The system 800 can include a providing component 840. The providing component 840 can include control and functions for providing control for the compute elements on a cycle-by-cycle basis, wherein control is enabled by a stream of wide control words generated by the compiler. The plurality of control words enables compute element configuration and operation execution, compute element memory access, inter-compute element communication, etc., on a cycle-by-cycle basis. The compute element configuration can include scheduling of the compute elements. In embodiments, the compiler provides static scheduling for the array of compute elements. The control words can further include variable bit-length control words, compressed control words, and so on. The control words can be based on low-level control words such as assembly language words, microcode words, firmware words, and so on. In embodiments, the stream of wide, variable length control words generated by the compiler provides direct fine-grained control of the 2D array of compute elements. The compute operations can include a read-modify-write operation. The compute operations can enable audio or video processing, artificial intelligence processing, machine learning, deep learning, and the like. The providing control can be based on microcode control words, where the microcode control words can include opcode fields, data fields, compute array configuration fields, etc. The compiler that generates the control can include a general-purpose compiler, a parallelizing compiler, a compiler optimized for the array of compute elements, a compiler specialized to perform one or more processing tasks, and so on. The providing control can implement one or more topologies such as processing topologies within the array of compute elements. In embodiments, the topologies implemented within the array of compute elements can include a systolic, a vector, a cyclic, a spatial, a streaming, or a Very Long Instruction Word (VLIW) topology. Other topologies can include a neural network topology. The control can enable machine learning functionality for the neural network topology.

The control of the array of compute elements on a cycle-by-cycle basis can include configuring the array to perform various compute operations. In embodiments, the stream of wide control words generated by the compiler provides direct fine-grained control of the 2D array of compute elements. The fine-grained control can include individually controlling each compute element, irrespective of type of compute element. A compute element type can include an integer, floating-point, address generation, write buffer, read buffer, and the like. The compute operations can include a read-modify-write operation. The compute operations can enable audio or video processing, artificial intelligence processing, machine learning, deep learning, and the like. The providing control can be based on microcode control words, where the microcode control words can include opcode fields, data fields, compute array configuration fields, etc. The compiler that generates the control can include a general-purpose compiler, a parallelizing compiler, a compiler optimized for the array of compute elements, a compiler specialized to perform one or more processing tasks, and so on. The providing control can implement one or more topologies, such as processing topologies, within the array of compute elements. In embodiments, the topologies implemented within the array of compute elements can include a systolic, a vector, a cyclic, a spatial, a streaming, or a Very Long Instruction Word (VLIW) topology. Other topologies can include a network topology such as a neural network topology, a Petri Net topology, etc. A control can enable machine learning functionality for the neural network topology.
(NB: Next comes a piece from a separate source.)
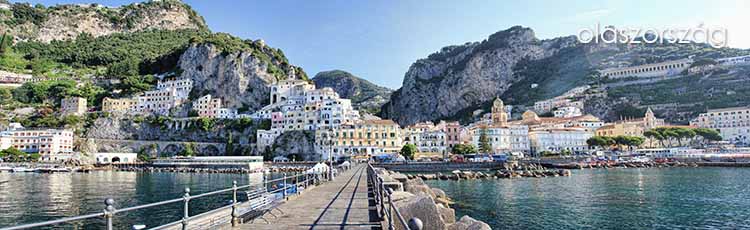 Amalfi-part, a legjobb őszi látnivaló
In embodiments, the control word from the stream of wide control words can include a source address, a target address, a block size, and a stride. The target address can include an absolute address, a relative address, an indirect address, and so on. The block size can be based on a logical block size, a physical memory block size, and the like. In embodiments, the memory block transfer control logic can compute memory addresses. The memory addresses can be associated with memory coupled to the 2D array of compute elements, shared memory, a memory system, etc. Further embodiments can include using memory block transfer control logic. The memory block transfer control logic can include one or more dedicated logic blocks, configurable logic, etc. In embodiments, the memory block transfer control logic can be implemented outside of the 2D array of compute elements. The transfer control logic can include a logic element coupled to the 2D array. In other embodiments, the memory block transfer control logic can operate autonomously from the 2D array of compute elements. In a usage example, a control word that includes a memory block transfer request can be provided to the memory block transfer control logic. The logic can execute the memory block transfer while the 2D array of compute elements is processing control words, executing compute element operations, and the like. In other embodiments, the memory block transfer control logic can be augmented by configuring one or more compute elements from the 2D array of compute elements. The compute elements from the 2D array can provide interfacing operations between compute elements within the 2D array and the memory block transfer control logic. In other embodiments, the configuring can initialize compute element operation buffers within the one or more compute elements. The compute element operation buffers can be used to buffer control words, decompressed control words, portions of control words, etc. In further embodiments, the operation buffers can include bunch buffers. Recall that control words are based on bits. Sets of control word bits called bunches can be loaded into buffers called bunch buffers. The bunch buffers are coupled to compute elements and can control the compute elements. The control word bunches are used to configure the 2D array of compute elements, and to control the flow or transfer of data within and the processing of the tasks and subtasks on the compute elements within the array.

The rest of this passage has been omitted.